Ceramics teacher sculpts the legacy of a fallen hero

Jeff+Davenport%27s+scultpture+of+the+heroic+former+player+Pat+Tillman+stands+in+Sun+Devil+Stadium+watching+over+the+players.

Photo Courtesy of ESPN

Jeff Davenport's scultpture of the heroic former player Pat Tillman stands in Sun Devil Stadium watching over the players.

Travis Robertson, Copy Chief

Artists across campus strive to tell stories through their work, and leave an impact on a subject that will make it remembered for as long as possible. This year, it just so happens that one OHS artist’s work will be seen by thousands, watch over ASU Sun Devils and leave the legacy of an athletic hero for generations to come.

ASU’s Sun Devil stadium has received a new addition to tower over its football team, that taking the form of a statue of Pat Tillman sculpted by OHS’ own ceramics teacher Jeff Davenport.

Pat Tillman played as linebacker for the Sun Devils where he carried the team to an undefeated season as well as a spot in the Rose Bowl. He was then drafted to the Arizona Cardinals where he played safety and started ten of 16 games his rookie year. Eight months after the September 11th attacks, he turned down a contract to enlist in the U.S army.

Tillman and his brother Kevin took part in the initial invasion of Iraq, and he was then redeployed to Afghanistan, where at the time he was reportedly killed from an ambush. However after his burial, the Department of Defense and Congress launched investigations, declaring his death the result of friendly fire.

Davenport said she received this opportunity from a previous client she had sculpted for and was thrilled to take it.

“I have a client, and I had done a sculpture for his family, the Zebulon Pearce Memorial in Mesa Arizona,” Davenport said. “I did that project and it’s now in the city of Mesa and so my client was asked by ASU if he would have an artist create a Pat Tillman sculpture and he came to ask me if I’d be willing to do it and it was a phenomenal project to work on so I said absolutely.”

Davenport started with a 16 inch maquette which took about two months to make, which was then enlarged to a 1.1 life-size sculpture. Davenport says she wanted this sculpture to be particularly important due to the subject matter.

“I wanted this to be a really special sculpture, I wanted to do my very best, not that I don’t do my very best on all of them, but each time you do a new piece you learn from it and so I was hoping that this project would be a phenomenal project, I wanted it to be better than anything I had ever done,” Davenport said.

The long process of crafting this sculpture has provided Davenport herself with new insights about who Tillman was, and what he represented as a person, and student.

“I remember seeing Pat Tillman when he was a football player and I didn’t really think much about Pat Tillman other than a football hero but since doing this project I’ve found out that he’s much more than just a football hero. He was really good in academics, he was just a great all-around person (with) family, friends, he was just a great person,” Davenport said.

The public response and appeal of this new statue has spread across social media, where articles about it have received likes stretching into the thousands. Davenport says she was amazed to find out how much this spread and even made her name bigger.

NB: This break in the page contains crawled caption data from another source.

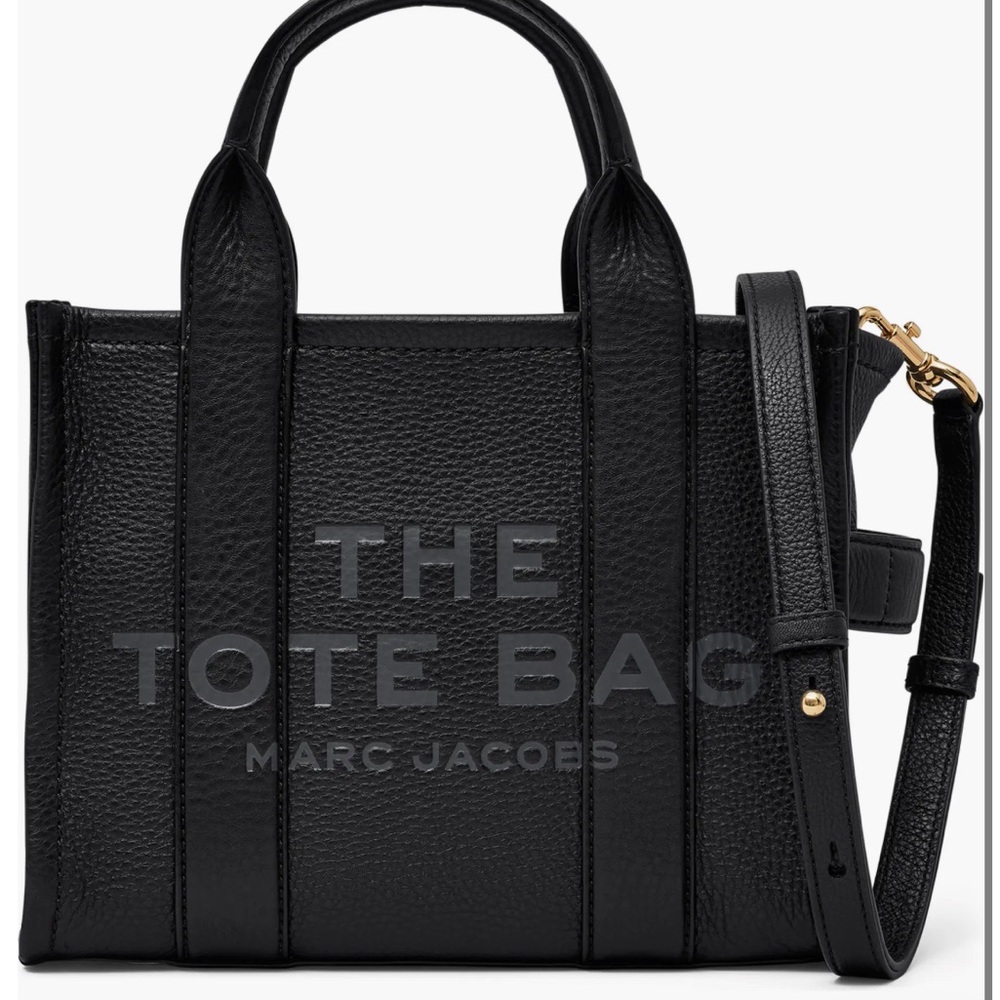 The Leather Small Tote Bag
Marc Jacobs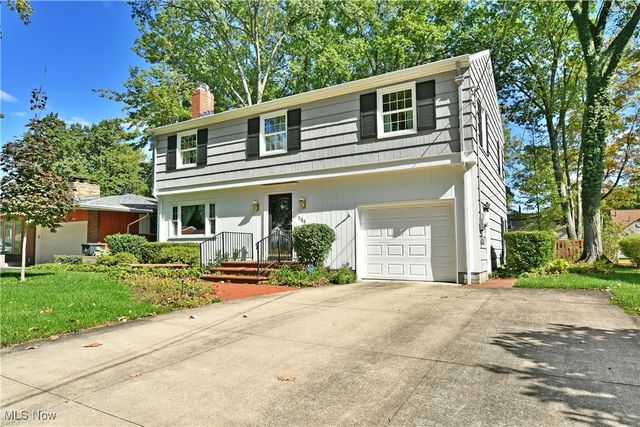 564 Adelaide Avenue NE, Warren, OH 44483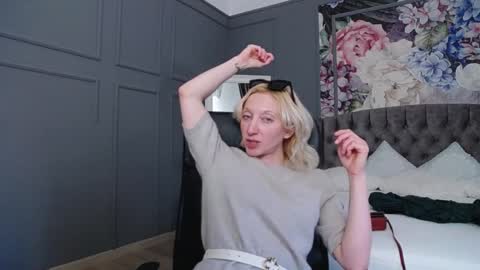 Snapshot of natalie_bitton chatting on 19, 1, 2025 Natalie online show from 19, 1, 2025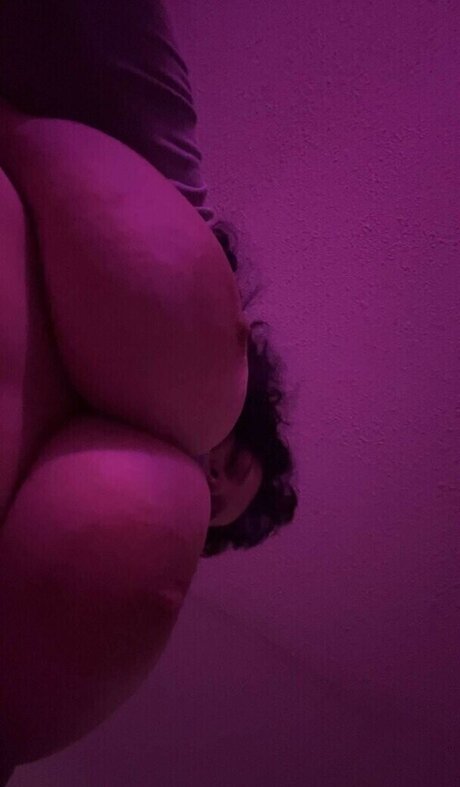 Naakte gelekte OnlyFans-foto van Prettygirlsluvsierrah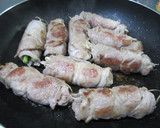 もやしとねぎのクルクル肉巻き（梅添え）作り方3写真
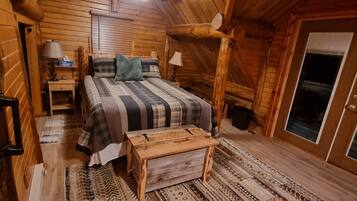 2 bedrooms, desk, free WiFi, bed sheets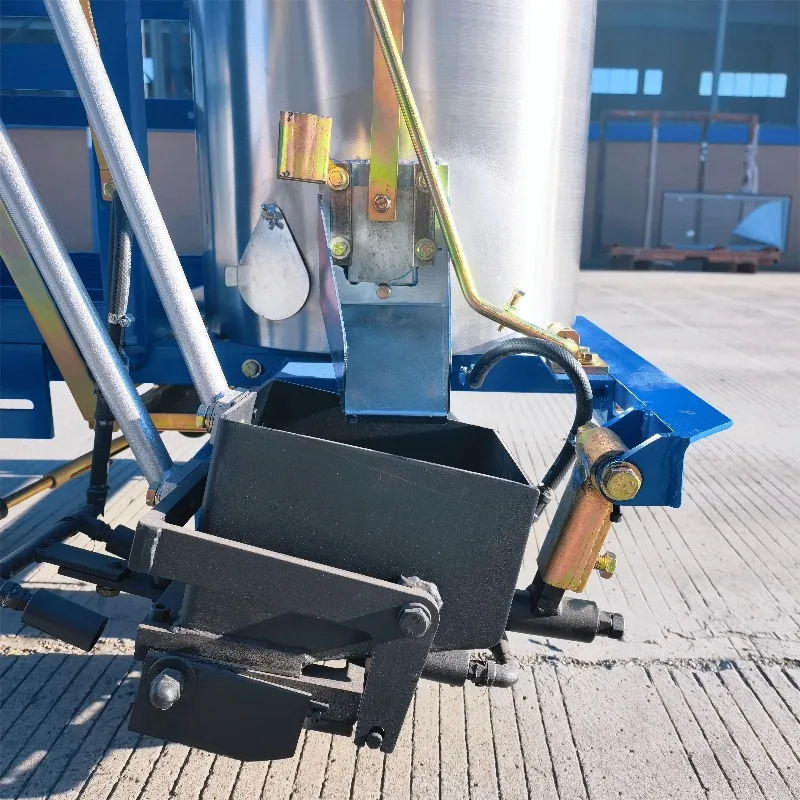 Cheap Durable Gas Heated Hand Push Thermoplastic Road Marking Machine Hopper Glass Bead Spreader Low Maintenance Cost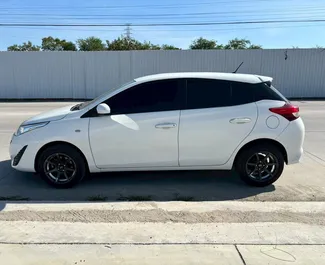 Innenraum von Toyota Yaris zur Miete in Thailand. Ein großartiges 5-Sitzer Fahrzeug mit Automatisch Getriebe.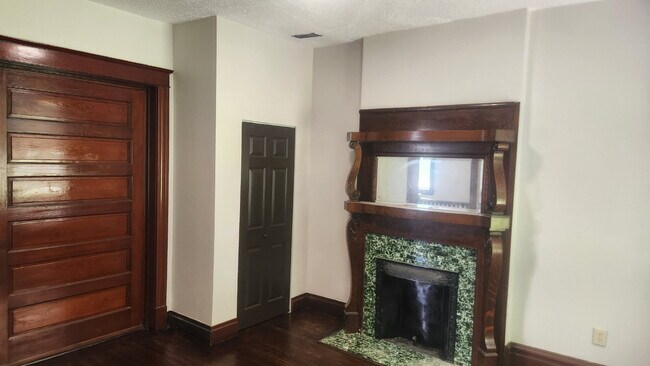 Building Photo - "Spacious 5-Bedroom Gem with 2 Full Baths in St. Louis – Your Ideal Family Home Awaits!"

“I think my students were like ‘Mrs. Davenport you have 9,000 likes, you’re famous’,” Davenport said. “I thought wow that’s pretty amazing, and I have people contacting me that want to purchase the small maquette so it has kind of put my name out there, it’s just been a great project.”

Davenport simply hopes with this sculpture that the legacy of Tillman will live on and future generations will remember his story and what he lived and died for.

“I hope that having the sculpture there will be a reminder about him, even students today if you ask them who Pat Tillman is they don’t know,” Davenport said. “Even if people don’t know who  he is or they forget, there’s that little plaque on the front that’s kind of a reminder of who he is and what he stood for.”